Music venues, Theaters and almost all indoor spaces we use to escape and enhance our lives are under threat. This series explores the venues affected around the country, how they have dealt with the lockdown up to this point and why it is so vital that they return once lockdown is over. First in this series, Tom Hutchinson talks to Tom Caulker of The World Headquarters, Newcastle.

Burrowed into an old Victorian warehouse on a murky Newcastle side-street is World Headquarters, the epicentre of the city’s pulsing alternative nightlife scene. The club’s owner, Tom Caulker, started putting on inclusive, clandestine parties in the 1980s, as an antidote to the oppressive fog of racism and violence that hung over Newcastle.
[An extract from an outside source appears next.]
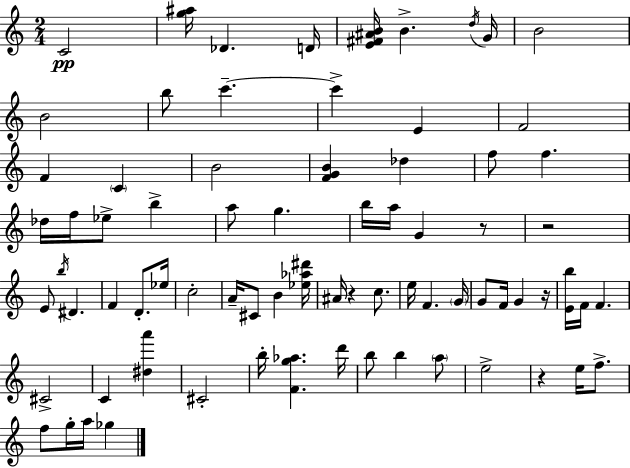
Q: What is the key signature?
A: C major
In Tom’s own words, anyone who didn’t conform to Newcastle’s white, cis-macho-male image risked ‘getting their heads kicked in if they went into town’, and the glaring lack of a safe space in the city centre ultimately led to Tom taking matters into his own hands.


After cutting his teeth running illicit gatherings, Tom became Newcastle’s first independent and non-white license holder, transforming local boozer ‘The Trent House’ into a staggeringly cool soul-utopia, before cementing “Worldies” as the pounding heart of the North East underground.
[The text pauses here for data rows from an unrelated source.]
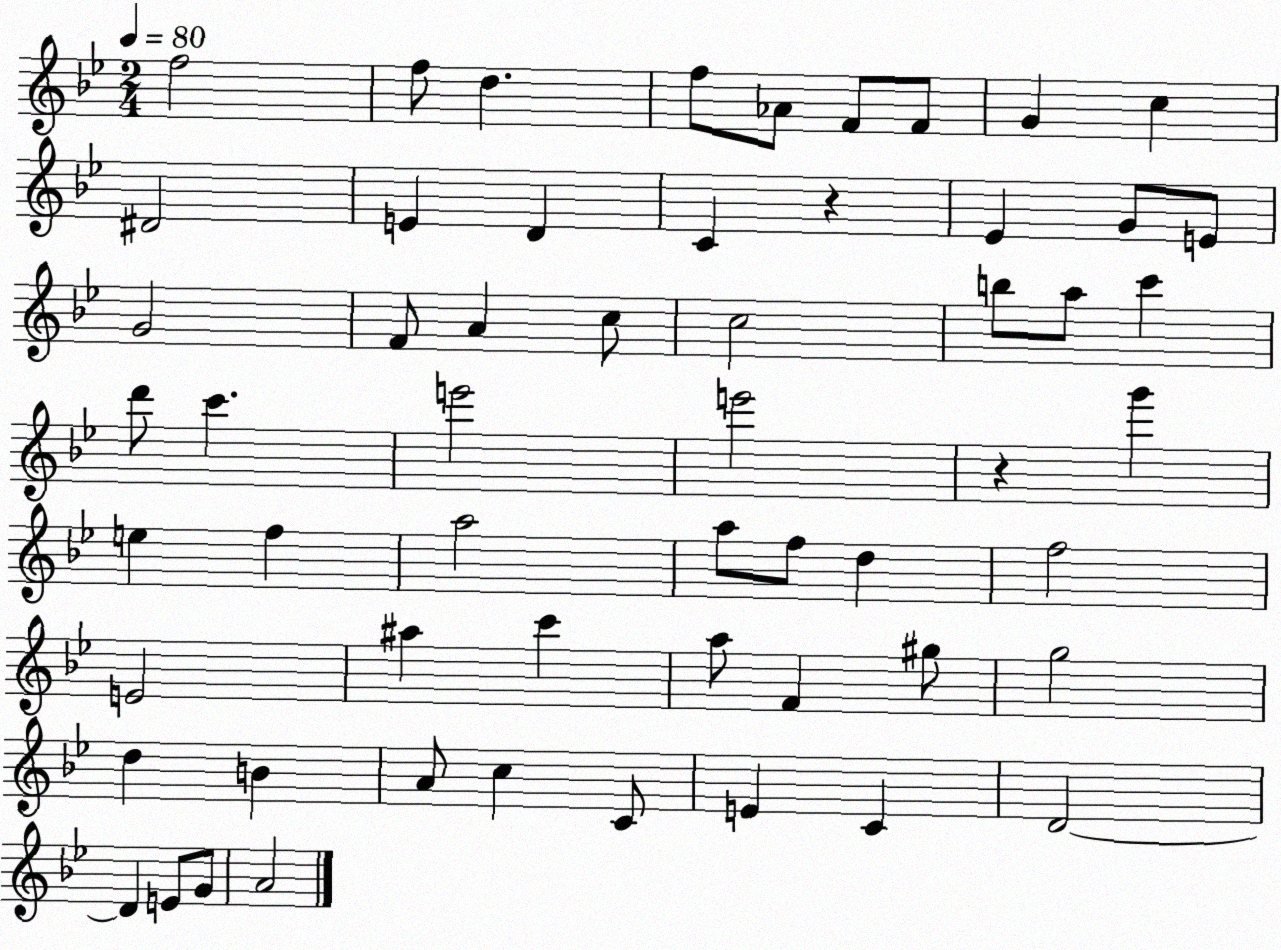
X:1
T:Untitled
M:2/4
L:1/4
K:Bb
f2 f/2 d f/2 _A/2 F/2 F/2 G c ^D2 E D C z _E G/2 E/2 G2 F/2 A c/2 c2 b/2 a/2 c' d'/2 c' e'2 e'2 z g' e f a2 a/2 f/2 d f2 E2 ^a c' a/2 F ^g/2 g2 d B A/2 c C/2 E C D2 D E/2 G/2 A2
Tom explains that, since its inception, ‘the club’s sole purpose has been to make Newcastle a better, more inclusive place for young people’, by inspiring ‘racially harmonic, global perspectives’ and through the celebration of the success of a black-owned business.

Following the murder of George Floyd, it has become depressingly clear that this work is still essential, as the veil of ignorance that covers and protects systems of white supremacy and institutional racism across the Western world has begun to slip.

World HQ understands the importance of education and empathy in dismantling these systems. Throughout lockdown the club has been involved in the Let Us Breathe campaign, a series of live-streamed online protests for racial justice that, as the campaign’s Facebook page says, ‘is facilitated through discussion with community leaders, debating the way forward for eradicating racism from our communities, policing and political systems’. Tom himself speaks in one of the protests, drawing attention to the failure of the school curriculum in addressing Britain’s colonial past, and the conscious omission of black history in the classroom.

The club is one of thousands of independent venues across the country who have had their souls ripped out by the pandemic, and are now lying dormant, with faint echoes of nights past falling limp onto once loaded and vivacious dancefloors. These places don’t only play a vital role in the development of new artists, but also offer an invaluable centre for young people in their community. Tom recognises this, ‘it very much effects young people, and it is the places where young people really want to go that will be hit the hardest’. He also worries for the business owners and venues themselves, predicting that there will be a ‘phenomenal number of places that will close’.

The preservation of independent venues is paramount to the wellbeing of the communities that they serve. It is no coincidence that it is often venues such as World HQ that are at the vanguard of social change. Via their very nature they have evaded the invasive tentacles of profit-driven franchises that rule over the entertainment industry, a progressive stance in itself. It may, however, be these stances that prove to be the downfall of these venues, as money dries up and landlords stand firm on rent payments.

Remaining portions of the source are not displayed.